Es sorprendente la capacidad que tenemos los seres humanos para complicarnos la vida. Nos empeñamos en cambiar aquello que no está a nuestro alcance y, sin embargo, esperamos a que el destino, nuestra pareja, el azar, nuestra familia, cualquier desconocido o, en definitiva, otro hecho o persona ajenos a nosotros mismos, venga, irrumpa y modifique todo aquello que no encaja, que no nos gusta o es motivo de tristeza, ansiedad o infelicidad en nuestro día a día. Nos quedamos pasivos, expectantes y, como si de seres inertes nos tratásemos, esperamos a que algo sencillamente cambie, pasando por alto el hecho de que, al igual que hay cosas que no podemos controlar, muchas otras tan solo pueden ser diferentes si decidimos que lo sean y, consecuentemente, despertamos, nos levantamos y actuamos.
No pretendo defender con ello la idea de que nuestra felicidad dependa exclusivamente de nosotros mismos. Obviamente, si decidimos convivir en sociedad y por el contrario no optamos por vivir en la soledad del anacoreta, en nuestro día a día, en nuestro estado de ánimo o incluso en el modo en que decidimos llevar a cabo nuestra existencia influyen desde la situación externa que nos ha tocado vivir, quizá por el simple hecho de nacer en un país determinado, o en el seno de una familia determinada, hasta la situación social, política o económica, pasando por nuestro trabajo o la ausencia de este, por nuestra unidad familiar, la salud, o la sociedad en sí misma.
Todo nuestro yo se forma con partes de todo ello, de la educación que hemos recibido, de las experiencias que hemos vivido, de los errores.
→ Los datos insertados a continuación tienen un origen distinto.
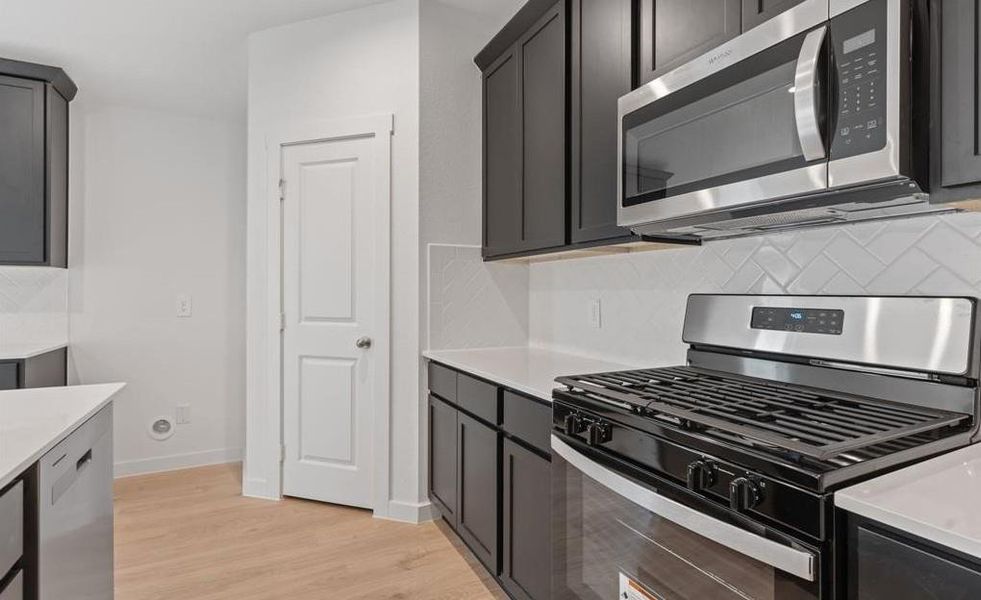 Furnished interior view inside a new home in Sorrento, Richmond (Image 11).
Al fin y al cabo, tal y como decía Ortega y Gasset “yo soy yo y mis circunstancias”. Ahora bien, debemos compensar el peso e importancia que le otorgamos a cada una de dichas variables, puesto que no todo son circunstancias ni todo el mundo responde del mismo modo ante las mismas. Hay personas que ante la adversidad se derrumban y, sin fuerzas, se dejan llevar por la tristeza o por la simple hipótesis de que nada puede cambiar. Otras, sin saber cómo ni porqué, afrontan los problemas como si de retos se tratasen, con la cabeza alta y fría, dándose la oportunidad de equivocarse y pensando que siempre todo puede ir mejor. Las circunstancias pueden ser las mismas o incluso éstas últimas peores, más dramáticas o complicadas y sin embargo, los resultados probablemente sean muy diferentes dependiendo de la mirada que decidamos ofrecer. Así, por encima de todo se encuentra nuestra perspectiva, nuestro modo de comprender y enfocar la realidad que nos rodea, la mirada que a través de los años hemos ido formando sobre nuestro ser, sobre la vida y sobre todo aquello que nos hace sentir que merece la pena seguir respirando.